Wakil Ketua FPKS DPR RI Bidang Industri dan Pembangunan ini menyebutkan sebagai bagian dari masyarakat internasional, Indonesia tentu harus mengikuti aturan main internasional yang telah disepakati bersama secara fair.
Namun di atas itu semua, kepentingan nasional terkait kesejahteraan masyarakat adalah yang utama. Jangan sampai Indonesia didikte dan dipaksa mengikuti kemauan pihak luar, apakah melalui pemboikotan bank-bank internasional terhadap PLTU atau melalui kebijakan-kebijakan lain yang dapat merugikan masyarakat.
“Kasus Inggris yang kembali ke batubara adalah contoh aktual untuk kita. Hukum besi dunia memang seperti itu. Di atas hukum internasional tetap ada hukum domestik, yakni nasional interest masing-masing negara,” kata Mulyanto.
“Tidak mungkin Inggris mengorbankan masyarakatnya demi komitmen atas energi bersih mereka. Tetap yang utama adalah kesejahteraan rakyat mereka. Setiap negara fokus untuk memperjuangkan kepentingan nasional mereka,” lanjutnya.
Berkaca dari hal itu, Mulyanto meminta Pemerintah Indonesia juga menempatkan kesejahteraan masyarakat sebagai prioritas.
“Kita pun harusnya demikian. Kesejahteraan masyarakat kita adalah hal yang utama. Ini adalah national interest yang diamanatkan dalam pembukaan Konstitusi kita. Jangan mau dicocok-hidung oleh pihak asing. Termasuk dalam masalah energi,” tandas Mulyanto.

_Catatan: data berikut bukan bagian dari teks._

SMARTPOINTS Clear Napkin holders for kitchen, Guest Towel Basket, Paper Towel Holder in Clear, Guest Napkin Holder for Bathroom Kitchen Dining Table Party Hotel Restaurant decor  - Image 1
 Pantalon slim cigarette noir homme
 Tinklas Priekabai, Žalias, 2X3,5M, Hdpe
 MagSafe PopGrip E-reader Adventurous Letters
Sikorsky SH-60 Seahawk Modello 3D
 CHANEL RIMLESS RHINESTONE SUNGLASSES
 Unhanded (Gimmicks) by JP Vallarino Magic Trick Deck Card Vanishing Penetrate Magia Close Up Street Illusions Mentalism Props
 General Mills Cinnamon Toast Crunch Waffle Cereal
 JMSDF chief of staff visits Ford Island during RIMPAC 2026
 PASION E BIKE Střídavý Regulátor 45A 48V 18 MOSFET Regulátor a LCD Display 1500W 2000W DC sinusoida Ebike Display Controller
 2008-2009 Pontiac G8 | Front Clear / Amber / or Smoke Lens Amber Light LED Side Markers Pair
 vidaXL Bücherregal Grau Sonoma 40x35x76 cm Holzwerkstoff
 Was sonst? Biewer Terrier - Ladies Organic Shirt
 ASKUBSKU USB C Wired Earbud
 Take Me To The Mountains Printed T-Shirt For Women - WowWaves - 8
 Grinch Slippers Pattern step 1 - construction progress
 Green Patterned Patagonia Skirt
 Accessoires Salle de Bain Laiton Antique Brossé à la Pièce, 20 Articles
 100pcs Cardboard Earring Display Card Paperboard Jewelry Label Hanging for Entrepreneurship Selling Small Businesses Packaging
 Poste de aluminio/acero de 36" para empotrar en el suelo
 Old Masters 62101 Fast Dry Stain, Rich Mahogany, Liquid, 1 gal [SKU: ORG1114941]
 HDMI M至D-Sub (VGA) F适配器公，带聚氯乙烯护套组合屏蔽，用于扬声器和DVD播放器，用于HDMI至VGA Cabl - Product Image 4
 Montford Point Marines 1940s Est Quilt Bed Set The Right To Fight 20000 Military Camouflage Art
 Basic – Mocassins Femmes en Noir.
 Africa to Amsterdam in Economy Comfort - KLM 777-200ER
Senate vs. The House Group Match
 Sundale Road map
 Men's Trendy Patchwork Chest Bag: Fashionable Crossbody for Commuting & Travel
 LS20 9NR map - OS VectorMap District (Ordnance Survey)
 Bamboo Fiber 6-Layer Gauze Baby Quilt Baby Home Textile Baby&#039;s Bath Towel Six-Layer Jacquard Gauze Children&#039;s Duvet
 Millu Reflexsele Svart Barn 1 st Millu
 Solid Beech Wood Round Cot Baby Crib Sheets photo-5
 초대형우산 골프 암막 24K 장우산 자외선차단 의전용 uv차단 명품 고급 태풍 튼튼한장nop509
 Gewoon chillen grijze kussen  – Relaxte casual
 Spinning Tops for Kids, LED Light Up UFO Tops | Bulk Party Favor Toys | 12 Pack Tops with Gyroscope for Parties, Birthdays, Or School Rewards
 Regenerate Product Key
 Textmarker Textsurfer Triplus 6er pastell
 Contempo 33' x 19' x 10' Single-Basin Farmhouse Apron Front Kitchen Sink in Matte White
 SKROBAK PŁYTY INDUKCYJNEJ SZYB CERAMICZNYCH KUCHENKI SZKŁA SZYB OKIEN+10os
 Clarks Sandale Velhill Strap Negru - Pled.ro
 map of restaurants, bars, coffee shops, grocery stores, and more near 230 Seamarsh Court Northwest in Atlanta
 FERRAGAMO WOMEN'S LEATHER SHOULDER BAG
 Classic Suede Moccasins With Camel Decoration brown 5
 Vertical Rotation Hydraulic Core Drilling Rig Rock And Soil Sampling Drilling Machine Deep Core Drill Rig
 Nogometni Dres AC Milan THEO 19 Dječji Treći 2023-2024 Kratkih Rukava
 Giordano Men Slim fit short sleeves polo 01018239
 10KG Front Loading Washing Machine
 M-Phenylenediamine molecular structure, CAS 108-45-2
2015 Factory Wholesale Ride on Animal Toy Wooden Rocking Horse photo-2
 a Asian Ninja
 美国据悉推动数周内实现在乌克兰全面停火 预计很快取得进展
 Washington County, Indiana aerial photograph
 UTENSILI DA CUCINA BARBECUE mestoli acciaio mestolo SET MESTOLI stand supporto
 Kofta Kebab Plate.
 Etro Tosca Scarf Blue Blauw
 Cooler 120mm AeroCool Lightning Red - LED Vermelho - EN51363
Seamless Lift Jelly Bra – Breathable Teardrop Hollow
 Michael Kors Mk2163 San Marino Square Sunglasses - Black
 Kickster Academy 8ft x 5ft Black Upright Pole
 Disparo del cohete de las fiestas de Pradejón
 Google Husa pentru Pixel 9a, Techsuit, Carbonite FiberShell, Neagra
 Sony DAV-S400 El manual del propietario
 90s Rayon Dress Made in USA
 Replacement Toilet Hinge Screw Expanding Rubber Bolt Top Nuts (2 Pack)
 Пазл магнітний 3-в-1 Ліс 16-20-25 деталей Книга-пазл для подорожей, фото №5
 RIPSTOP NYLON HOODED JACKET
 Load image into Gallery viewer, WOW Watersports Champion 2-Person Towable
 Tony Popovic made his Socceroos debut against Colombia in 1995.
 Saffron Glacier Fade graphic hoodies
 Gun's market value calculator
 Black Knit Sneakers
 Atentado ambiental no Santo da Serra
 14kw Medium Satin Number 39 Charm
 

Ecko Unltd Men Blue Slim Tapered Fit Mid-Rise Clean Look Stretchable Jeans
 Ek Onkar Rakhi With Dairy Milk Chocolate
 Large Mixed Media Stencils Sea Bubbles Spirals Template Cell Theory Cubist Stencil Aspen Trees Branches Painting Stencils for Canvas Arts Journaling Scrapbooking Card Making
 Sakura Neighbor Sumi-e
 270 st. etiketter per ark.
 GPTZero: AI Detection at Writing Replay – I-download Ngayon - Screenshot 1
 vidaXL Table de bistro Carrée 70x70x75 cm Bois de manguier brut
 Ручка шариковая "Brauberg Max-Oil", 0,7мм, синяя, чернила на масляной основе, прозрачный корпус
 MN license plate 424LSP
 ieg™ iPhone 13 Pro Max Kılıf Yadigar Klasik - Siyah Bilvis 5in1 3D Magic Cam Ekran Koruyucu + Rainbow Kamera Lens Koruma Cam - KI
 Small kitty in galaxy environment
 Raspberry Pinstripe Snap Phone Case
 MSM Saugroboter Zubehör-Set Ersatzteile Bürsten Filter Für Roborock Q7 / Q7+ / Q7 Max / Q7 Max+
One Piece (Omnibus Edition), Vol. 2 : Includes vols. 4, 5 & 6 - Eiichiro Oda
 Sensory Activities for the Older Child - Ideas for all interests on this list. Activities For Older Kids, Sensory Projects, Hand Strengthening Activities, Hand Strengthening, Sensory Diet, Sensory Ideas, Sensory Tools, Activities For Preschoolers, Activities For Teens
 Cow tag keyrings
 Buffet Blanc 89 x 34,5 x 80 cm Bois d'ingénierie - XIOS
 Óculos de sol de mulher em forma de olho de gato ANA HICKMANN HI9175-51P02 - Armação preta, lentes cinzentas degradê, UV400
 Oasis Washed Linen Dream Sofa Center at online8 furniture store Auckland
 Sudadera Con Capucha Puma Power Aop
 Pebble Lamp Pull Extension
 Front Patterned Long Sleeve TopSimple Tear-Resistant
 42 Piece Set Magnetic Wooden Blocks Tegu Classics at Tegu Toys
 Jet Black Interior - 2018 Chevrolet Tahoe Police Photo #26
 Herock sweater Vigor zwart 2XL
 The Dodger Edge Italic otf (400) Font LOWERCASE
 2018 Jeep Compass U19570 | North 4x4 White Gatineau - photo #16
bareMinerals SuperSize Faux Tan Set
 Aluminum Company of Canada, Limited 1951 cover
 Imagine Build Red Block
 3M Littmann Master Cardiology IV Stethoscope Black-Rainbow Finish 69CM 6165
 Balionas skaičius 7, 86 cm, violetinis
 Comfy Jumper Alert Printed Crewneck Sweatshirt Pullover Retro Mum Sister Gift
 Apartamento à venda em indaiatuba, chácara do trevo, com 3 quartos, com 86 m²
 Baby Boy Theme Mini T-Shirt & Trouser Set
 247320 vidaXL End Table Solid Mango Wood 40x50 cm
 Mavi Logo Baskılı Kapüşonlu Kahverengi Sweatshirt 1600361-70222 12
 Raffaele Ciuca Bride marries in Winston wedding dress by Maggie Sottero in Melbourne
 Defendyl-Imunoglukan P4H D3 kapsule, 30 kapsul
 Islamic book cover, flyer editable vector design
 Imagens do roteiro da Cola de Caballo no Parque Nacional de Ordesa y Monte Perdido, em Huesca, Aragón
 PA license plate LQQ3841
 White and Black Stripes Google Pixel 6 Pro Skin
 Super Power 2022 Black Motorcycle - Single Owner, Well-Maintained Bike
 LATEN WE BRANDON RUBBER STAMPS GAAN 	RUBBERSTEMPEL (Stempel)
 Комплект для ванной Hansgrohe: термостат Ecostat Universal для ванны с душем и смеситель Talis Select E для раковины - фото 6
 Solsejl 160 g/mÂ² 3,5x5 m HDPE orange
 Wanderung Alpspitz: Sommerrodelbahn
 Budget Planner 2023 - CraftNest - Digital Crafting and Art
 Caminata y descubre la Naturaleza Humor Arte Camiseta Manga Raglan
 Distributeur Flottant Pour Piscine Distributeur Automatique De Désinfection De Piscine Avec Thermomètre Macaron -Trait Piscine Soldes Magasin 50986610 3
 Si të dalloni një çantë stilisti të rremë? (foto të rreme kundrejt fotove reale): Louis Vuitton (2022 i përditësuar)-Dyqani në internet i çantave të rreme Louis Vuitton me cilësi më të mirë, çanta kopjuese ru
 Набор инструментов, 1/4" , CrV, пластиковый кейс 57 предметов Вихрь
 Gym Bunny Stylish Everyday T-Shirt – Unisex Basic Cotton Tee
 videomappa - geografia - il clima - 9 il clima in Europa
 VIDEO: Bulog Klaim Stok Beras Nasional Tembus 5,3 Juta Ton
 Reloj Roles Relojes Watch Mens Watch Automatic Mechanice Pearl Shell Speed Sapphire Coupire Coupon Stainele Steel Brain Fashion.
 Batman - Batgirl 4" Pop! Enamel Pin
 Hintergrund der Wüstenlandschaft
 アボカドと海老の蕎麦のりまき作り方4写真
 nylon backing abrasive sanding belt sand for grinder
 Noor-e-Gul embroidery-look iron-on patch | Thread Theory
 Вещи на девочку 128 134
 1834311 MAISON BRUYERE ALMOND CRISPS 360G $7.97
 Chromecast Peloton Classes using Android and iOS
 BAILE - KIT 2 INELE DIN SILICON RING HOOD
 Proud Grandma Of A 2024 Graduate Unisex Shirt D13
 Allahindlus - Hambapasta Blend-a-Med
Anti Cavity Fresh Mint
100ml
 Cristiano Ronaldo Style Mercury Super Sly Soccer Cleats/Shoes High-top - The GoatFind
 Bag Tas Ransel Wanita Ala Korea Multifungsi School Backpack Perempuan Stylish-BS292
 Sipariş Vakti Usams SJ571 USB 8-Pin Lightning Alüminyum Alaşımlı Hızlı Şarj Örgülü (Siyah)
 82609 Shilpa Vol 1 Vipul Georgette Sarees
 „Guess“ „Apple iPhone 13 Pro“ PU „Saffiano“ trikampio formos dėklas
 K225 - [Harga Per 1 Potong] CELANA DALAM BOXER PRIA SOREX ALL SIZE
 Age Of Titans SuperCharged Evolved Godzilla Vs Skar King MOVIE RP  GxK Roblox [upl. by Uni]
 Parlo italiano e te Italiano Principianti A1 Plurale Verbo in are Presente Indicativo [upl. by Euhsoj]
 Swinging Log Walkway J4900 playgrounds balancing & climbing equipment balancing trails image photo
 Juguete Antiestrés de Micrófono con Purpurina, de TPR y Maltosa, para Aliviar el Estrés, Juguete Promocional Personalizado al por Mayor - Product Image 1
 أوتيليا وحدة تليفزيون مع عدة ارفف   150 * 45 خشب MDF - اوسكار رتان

Sebelumnya diberitakan dalam dua pekan belakangan Inggris mengalami krisis pasokan energi. Hal ini disebabkan karena tidak mulusnya proses transisi energi mereka dari pembangkit listrik batu bara ke gas. Akibatnya distribusi gas terganggu dan harga melambung, sehingga menyebabkan kelangkaan.
Akibat gangguan tersebut maka produksi energi menjadi terbatas. Masyarakat Inggris kalut dan melakulan aksi panic buying. Untuk mengatasi masalah tersebut Pemerintah Inggris akhirnya menetapkan kembali penggunaan batu bara untuk produksi energi.
Indonesia juga tengah intens membahas kebijakan transisi energi ini dengan meningkatkan porsi pembangkit listrik dari sumber EBT dan mengurangi peran energi fosil. Ditargetkan tahun 2060 Indonesia bebas dari emisi karbon.